Sorry, chaps and chapesses, for the absence of blog. I have an excuse: I have been drinking. I started the Friday before last, at a National Poetry Day event, and ended in the wee small hours of last Saturday morning at the Turnaround as one of Mr Brown's party. In between these two momentous events, I drank with PR people, TV folk and various others, some of whom I might have forgotten. I have now stopped. I apologise to anyone whom I might have offended or ignored during this period.
Whilst I have been away, matters have arisen. As Richard notes in a comment on my earlier post, he is being threatened with defamation for comments he made on his blog.

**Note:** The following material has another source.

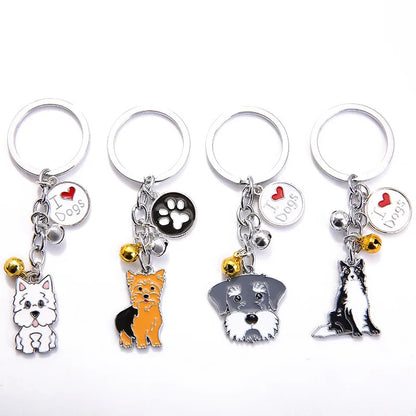New Popular Cute Metal Dog Key Chain Car For Women Pendant Pet Dog Bell Keychains Jewelry Car Key Ring Party Gift K5222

Richard, a man given to brevity, does not name his threatener here; gental reader, it is none other than Steve Taylor, the artist formerly known as Stephen D Taylor.
Yes, that Stephen D Taylor, the one who writes letters to the editors of every newspaper in New Zealand, worrying about the Government. Go to any place in this land of plenty and you can be assured, however remote that place may be, its local paper will include a letter by Stephen D Taylor. He bothers the Editors of every student paper as well. He is blacklisted in many editorial places, yet still he writes on. It is his mission to tell everyone his opinions on everything. In short, he is a bore.
And also a boor; Taylor is blessed with the usual fixations of the fundy mind (God, girls, gays) and he drones on and on about these in a particularly nasty way, jabbing a finger at anyone who disagrees with him and sneering at anyone who holds a more generous view of the world. And he is a bully, as Richard's experience shows.
I have seen him only once in the wild, at a candidates' debate during the last General Election. Although Mr Taylor now belongs to the Direct Democracy Party, at that time he was standing for the Auckland Central seat on behalf of United Future Future New Zealand, or whatever they were called in those heady days of ranting and queer bashing. The Direct Democracy Party was represented by the Mad Grocer, Mr Dilip Rupa, who is just as obssessed as Mr Taylor but confines his fixations to matters concerning the retail dairy trade and his family's long-running grievance against Auckland City Council (which must, by now, be into its fourth generation).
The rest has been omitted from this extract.